Indian Markets End Higher as Trade Deal Optimism Breaks Five-Day Decline
Indian markets rebounded strongly on Monday, with BSE Sensex gaining 301.93 points to 83,878.17 and NSE Nifty adding 106.95 points to 25,790.25, breaking a five-session losing streak. The recovery was driven by optimism over upcoming India-US trade discussions scheduled to begin January 13, as announced by the incoming U.S. ambassador. Commodities and metals led the sectoral gains, while technical indicators suggest early signs of recovery though resistance remains at 26,000-26,100 levels.

*this image is generated using AI for illustrative purposes only.
Indian equity markets staged a strong recovery on Monday, breaking a five-session losing streak as investor sentiment improved following positive developments in India-US trade relations. The late-afternoon rebound came after the incoming U.S. ambassador to India announced that bilateral trade discussions would begin on January 13.
Market Performance
Both benchmark indices posted solid gains, recovering from early losses to close in positive territory.
| Index | Closing Level | Points Change | Percentage Change |
|---|---|---|---|
| BSE Sensex | 83,878.17 | +301.93 | +0.36% |
| NSE Nifty 50 | 25,790.25 | +106.95 | +0.42% |
Sectoral Performance and Market Drivers
The commodities segment emerged as the top performer, with metals stocks leading the charge.
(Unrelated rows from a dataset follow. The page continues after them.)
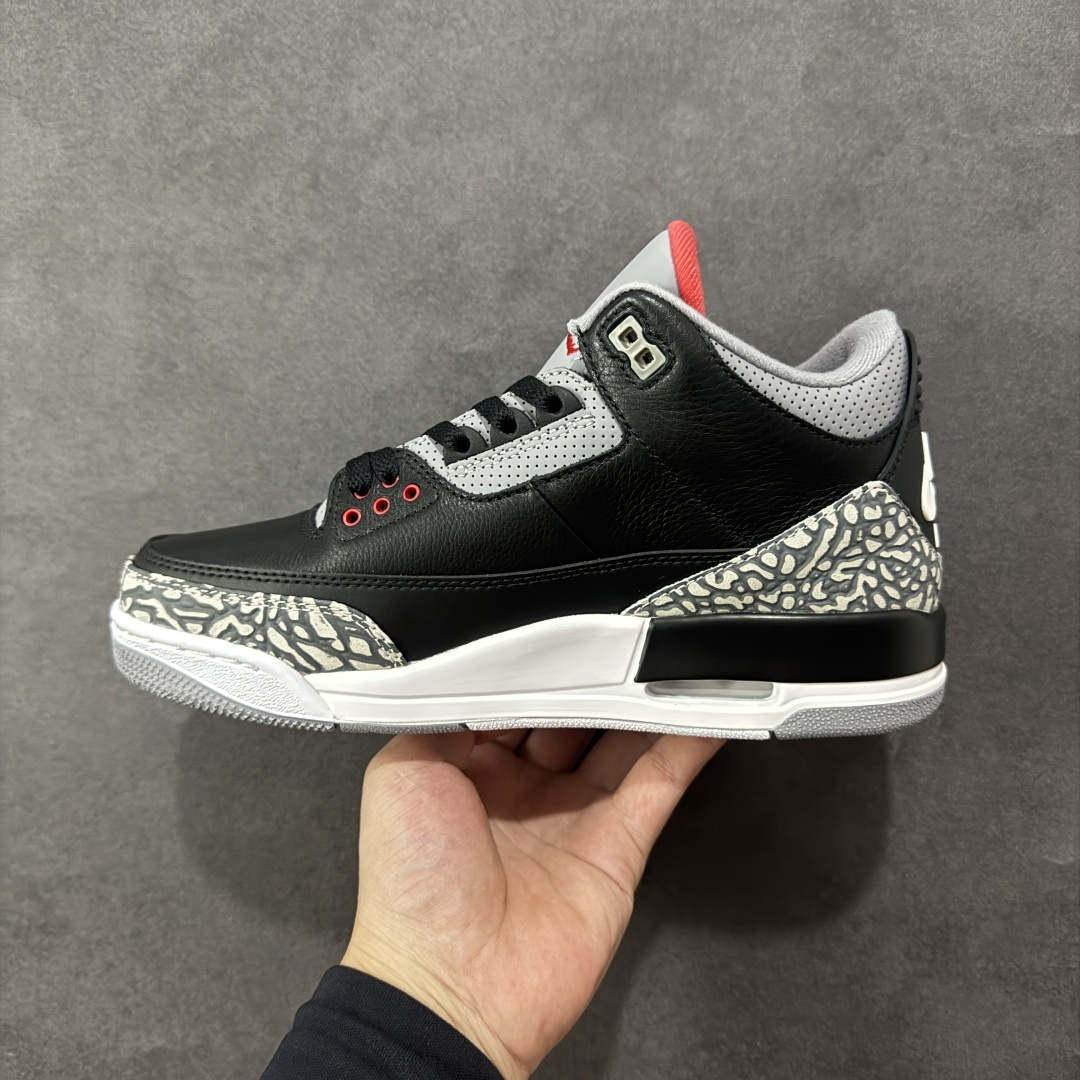 【头层特价】纯原版Air Jordan AJ3 系列福利头层纯原特价 同源款 一线大厂出品 进口头层皮料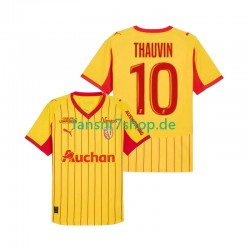 RC Lens fußball trikot Florian Thauvin 10 Herren Heim 2025-2026 Kurzarm RC Lens fußball trikot Florian Thauvin 10 Herren Heim 2025-2026 Kurzarm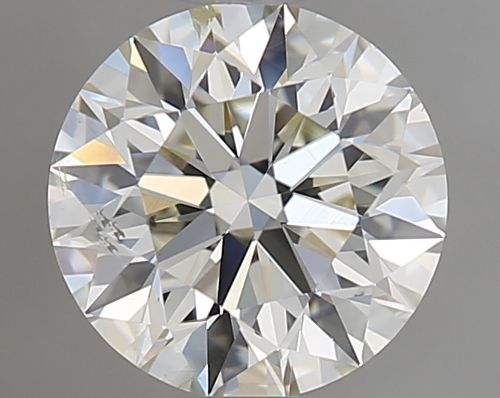 0.82ct K SI2 Excellent Cut Round Diamond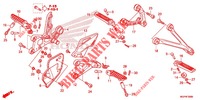 STEP dla Honda CBR 1000 RR FIREBLADE 2012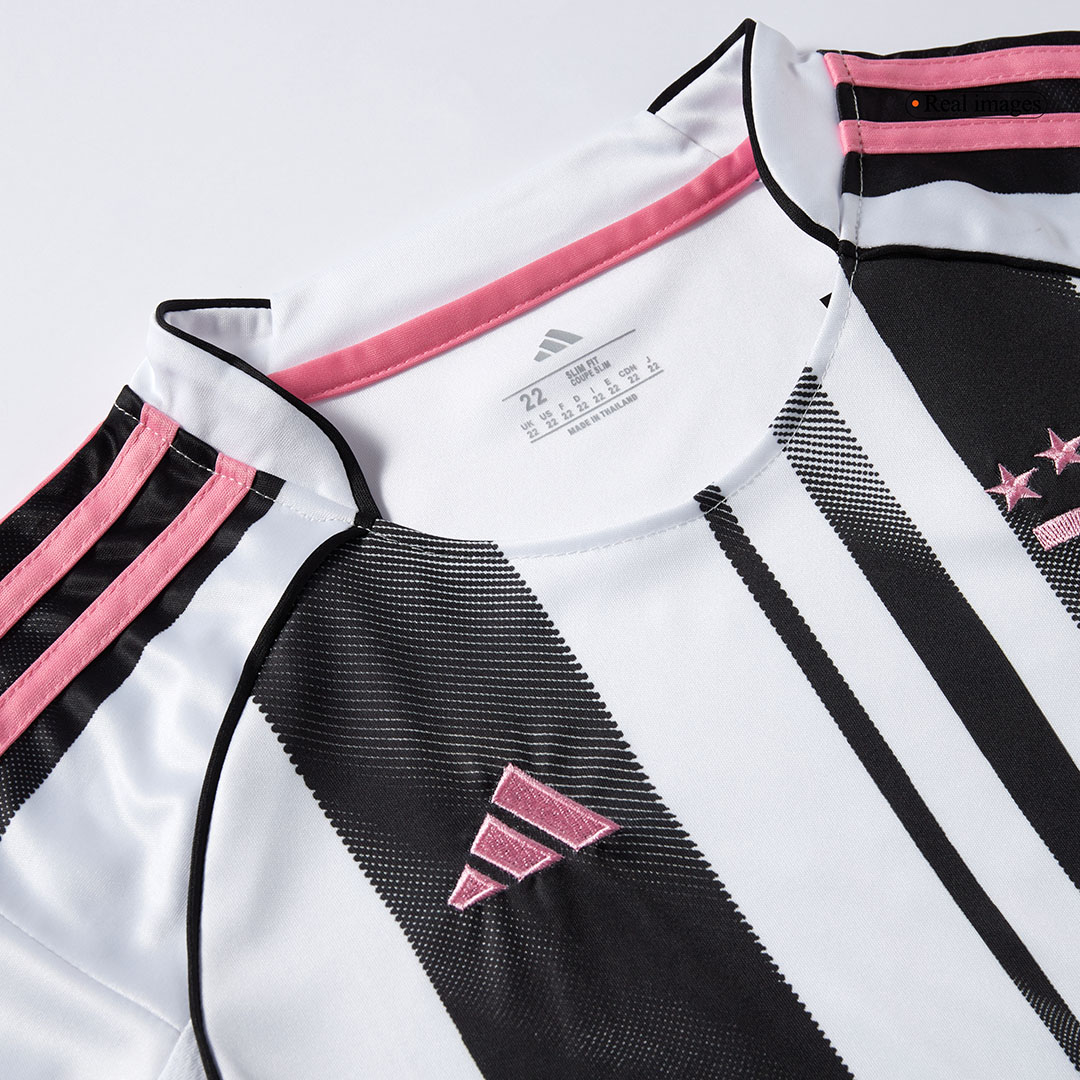 Kid's Juventus Home Soccer Jersey Kit(Jersey+Shorts+Socks) 2025/26 - Image 7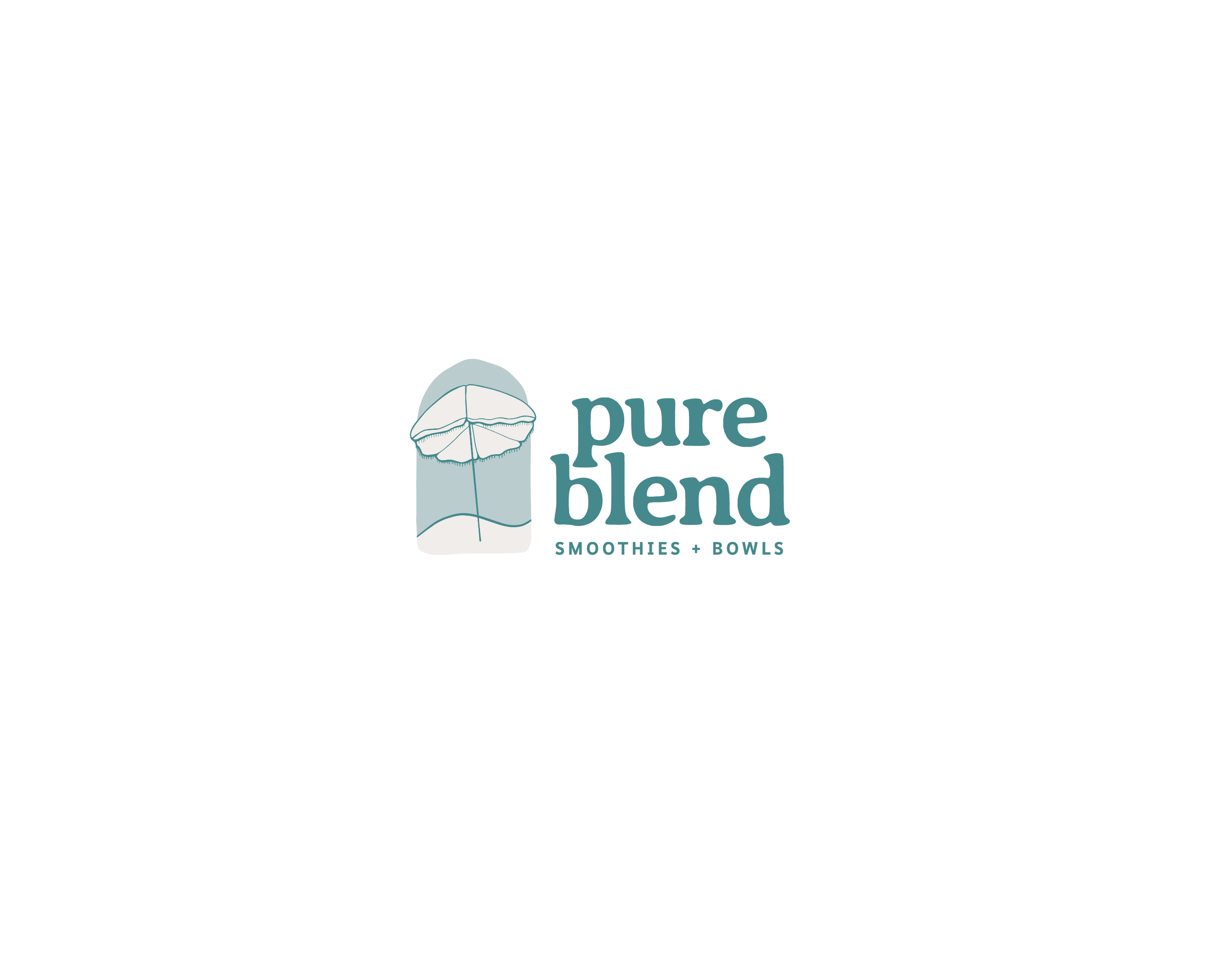 Pure Blend Brand Kit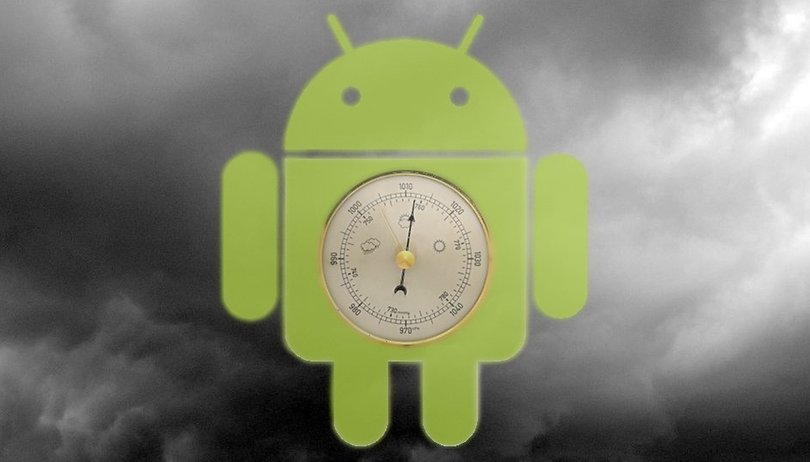 android barometer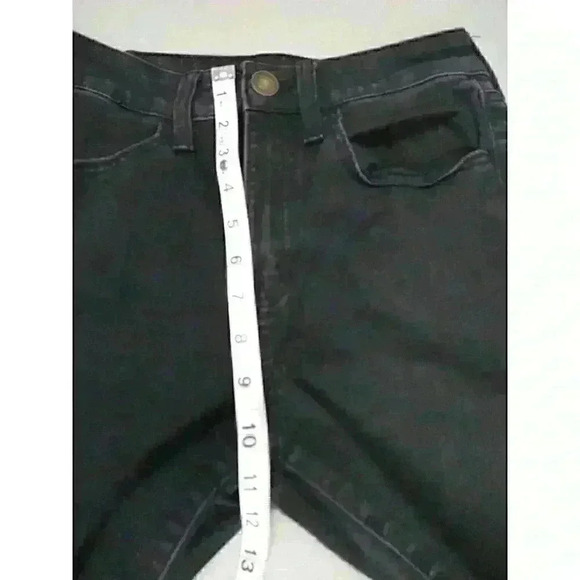 So Womens Jeans Size 7 Ultimate Curvy Jegging Super High Rise Distressed Skinny - Picture 3 of 10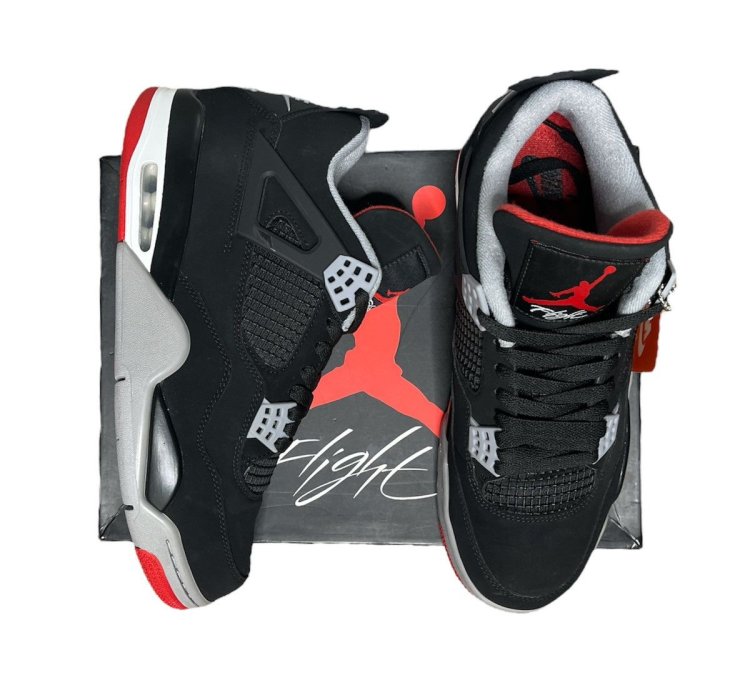 Jordan 4 Bred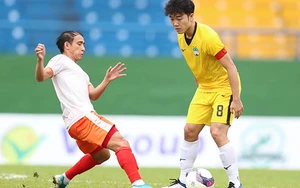 HAGL ngược dòng thắng trận dưới thời Kiatisuk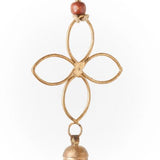 Air Element Bell Chime - Quatrefoil - 2 Sizes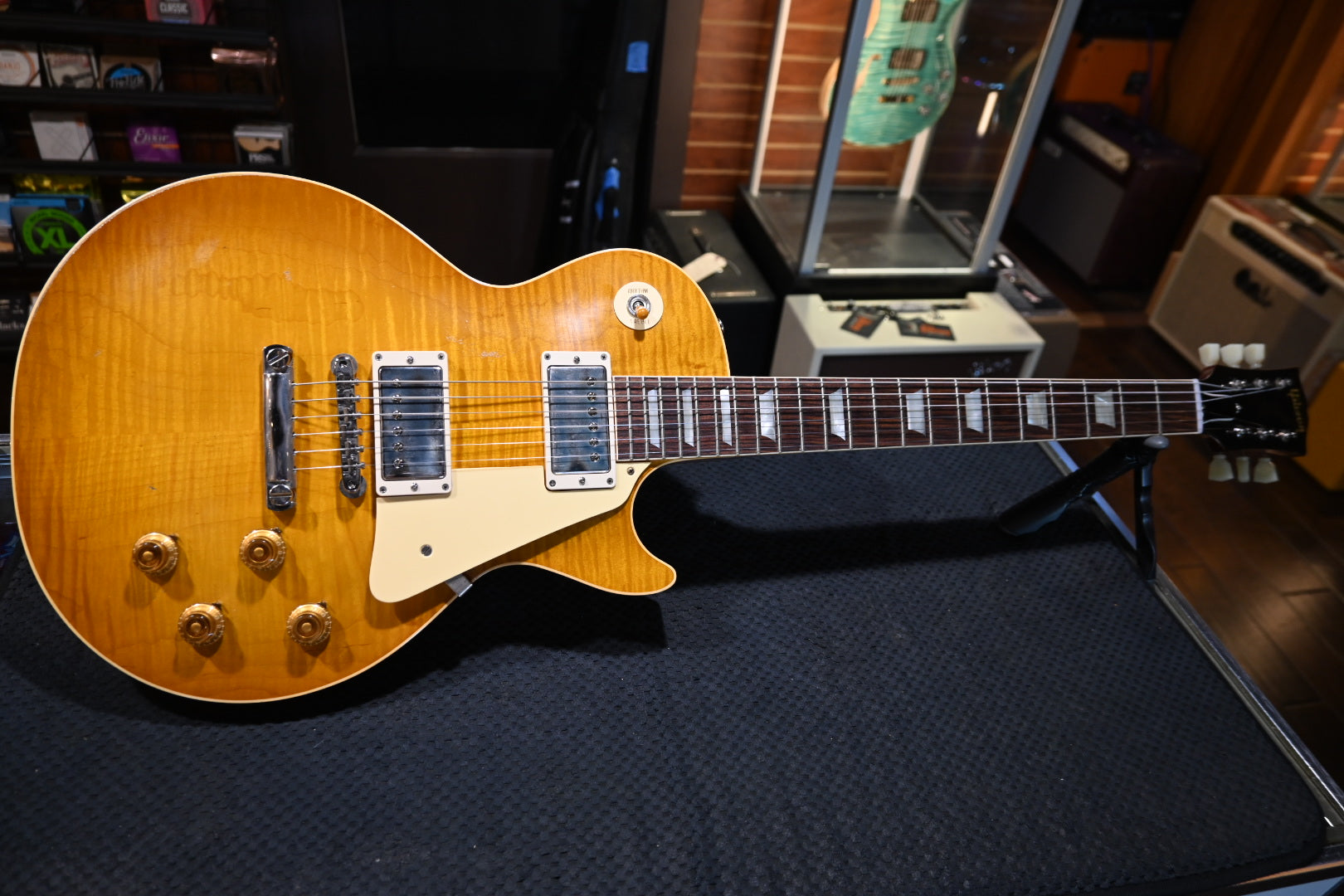 Gibson Custom Shop 1959 Les Paul Standard Reissue Murphy Lab Light-Aged 2024 - Dirty Lemon Guitar #2171 - Danville Music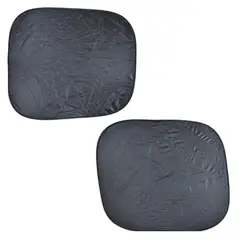 GENERICO - Parasol Para Parabrisas De Auto Marca Carsun Set X2 68x78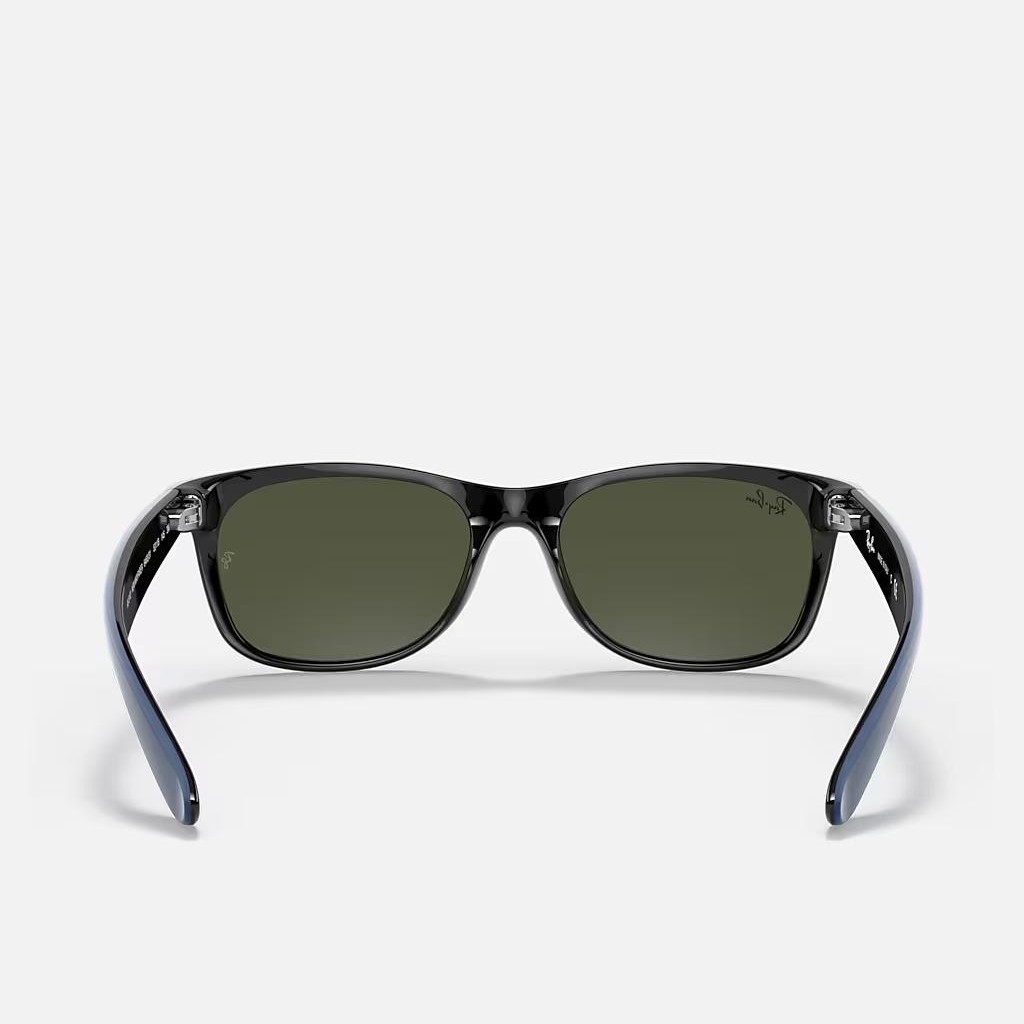 Kính Ray-Ban New Wayfarer Color Mix Xanh Dương Nhám Xanh Lá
According to Vinod Nair, Head of Research at Geojit Investments, the metals sector benefited from renewed buying interest during supply constraints. Value buying was also evident in consumer and banking stocks, as investors sought opportunities after recent corrections, supported by expectations of stronger Q3 earnings and improving demand.
Precious metals maintained their upward momentum amid persistent geopolitical tensions, adding to the overall positive market sentiment.
Technical Analysis
From a technical perspective, the strong buying near the day's low led to a smart recovery. Rupak De, Senior Technical Analyst at LKP Securities, noted that on the daily chart, the Nifty has formed a piercing line pattern, suggesting the possibility of a bullish reversal after several days of selling pressure. On the hourly chart, the RSI has moved out of the oversold zone, indicating early signs of recovery.
However, analysts remain cautious about the sustainability of this recovery. The Nifty faces resistance in the 26,000-26,100 zone, where selling pressure may re-emerge. On the downside, immediate and crucial support is placed at 25,650.
Market Activity and Stock Performance
Trading activity remained robust across various segments:
Most Active Stocks by Value:
- Hindustan Copper: ₹2,805 crores
- BSE: ₹2,121 crores
- HDFC Bank: ₹1,974 crores
- ICICI Bank: ₹1,539 crores
- IFCI: ₹1,485 crores
Most Active Stocks by Volume:
- Vodafone Idea: 103.7 crore shares
- IFCI: 27.3 crore shares
- YES Bank: 11.37 crore shares
- Ola Electric Mobility: 9.95 crore shares
Stocks that witnessed strong buying interest included IFCI, Force Motors, Hindustan Copper, BSE, Premier Energies, Power Finance Corp, and Hindustan Zinc. Conversely, selling pressure was evident in Tejas Networks, City Union Bank, GE Vernova T&D India, and Signatureglobal India.
Market Breadth
Despite the benchmark indices' positive performance, market breadth remained bearish. Out of 4,485 stocks traded on BSE, 2,837 stocks witnessed declines while 1,468 saw advances, and 180 stocks remained unchanged. Over 82 stocks hit their 52-week highs, including Phoenix Mills and Alkem Labs, while 532 stocks slipped to their 52-week lows.